- Directed by: Christian D. Bruun
- Written by: Christian D. Bruun, John H. Marks
- Produced by: Christian D. Bruun Mark A. Romeo Theis Jessen
- Narrated by: Edward Burns
- Cinematography: Christian D. Bruun
- Edited by: Jason Watkins
- Music by: P.T. Walkley
- Release dates: May 31, 2014 (Berkshire); April 4, 2017 (North America);
- Running time: 98 minutes
- Country: United States
- Language: English

= Blue Gold: American Jeans =

Blue Gold: American Gold is a 2014 American documentary film directed and written by Christian D. Bruun and narrated by Edward Burns. The film is weaving together the story of how one unlikely garment ended up connecting us all. Starting in the American West the film travels around the world following jeans hunter and vintage jeans expert, Eric Schrader. An ambassador of Americana, Eric is trading in the history, myth, and intrinsic values that have made blue jeans one of the most expensive and fetishised piece of vintage clothing on the planet. From fashion history and subculture aspiration, to the lost tradition of American manufacturing, Blue Gold explores Americana in a globalized world, where cultural exchange and greater transparency demand social responsibility and inspire innovation.

==Production==
The film was made over five years, filming throughout the United States, Europe, the Middle East, Asia, and Japan. The film mixes various video formats and filming techniques. Some interviews were conducted remotely over Skype with a local crew present and one scene directly recorded via webcam.

==Featuring==
Besides the global journey of Eric Schrader, the film features interviews with many seminal designers and cultural icons. Featured people include: Adriano Goldschmied, Renzo Rosso, Elio Fiorucci, Tommy Hilfiger, Marc Ecko, Isaac Mizrahi, Daryl Hall, Marky Ramone, Calvin Klein, Brooke Shields, Keanan Duffty, Henry Duarte, Yo-Yo Ma, Judy Collins, Steven Cojocaru, Daymond John, Andrew Bolton, Harold Koda, Grandmaster Caz, Anthony Haden-Guest, Diane Gilman and many more.

==Original score==
The film has an original score by New York artist P.T. Walkley with additional songs, also by P. T. Walkley. The film also features the song "Amulet Reprise" by Natacha Atlas and "Make Some Noise" by Grandmaster Caz, as well as the 1927 "Rock Island Blues" by Furry Lewis.

==Release==
The film opened at the Berkshire International Film Festival on May 31, 2014. It has since screened at the Hollywood Film Festival and Starz Denver Film Festival.
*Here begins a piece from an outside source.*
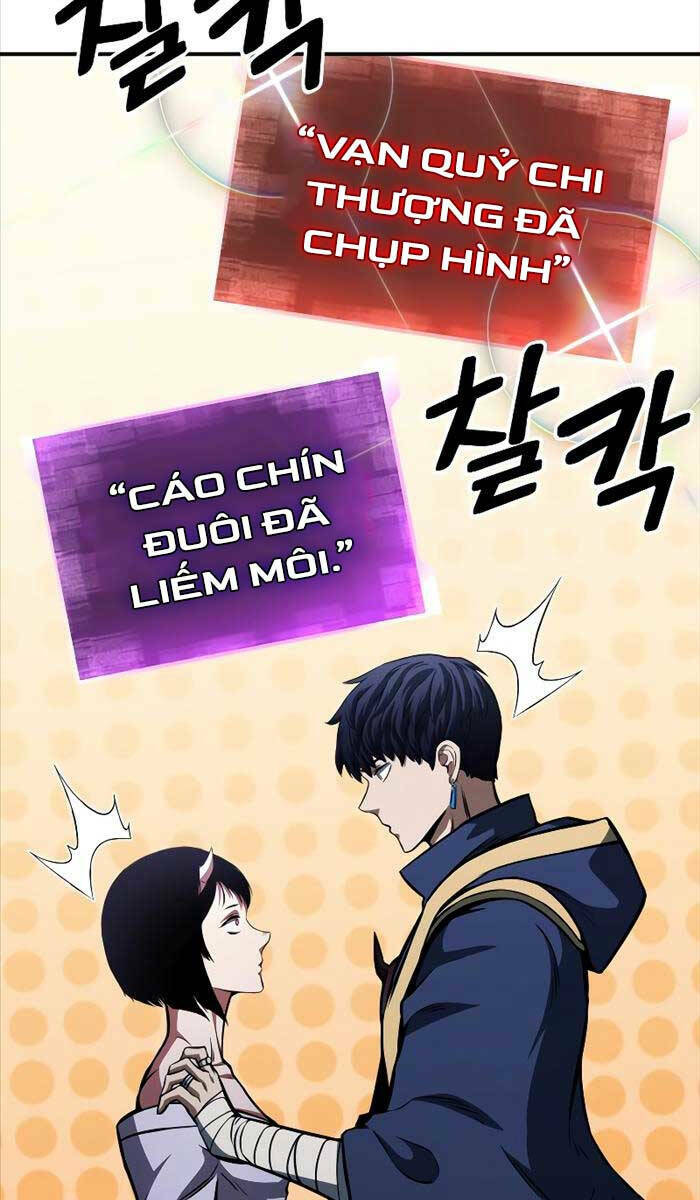 Tử Linh Sư Mạnh Nhất Chapter 12 - Trang 2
In 2016 Blue Gold: American Jeans was the opening night film of the Cebu International Film Festival.

Blue Gold: American Jeans premiered in North America on most Video On Demand platforms including iTunes and Amazon, and will be available on DVD and Blu-ray on April 4, 2017.

On April 7, 2017 the film had its theatrical premiere in Los Angeles.

On June 2, 2017 Blue Gold: American Jeans was released on Netflix.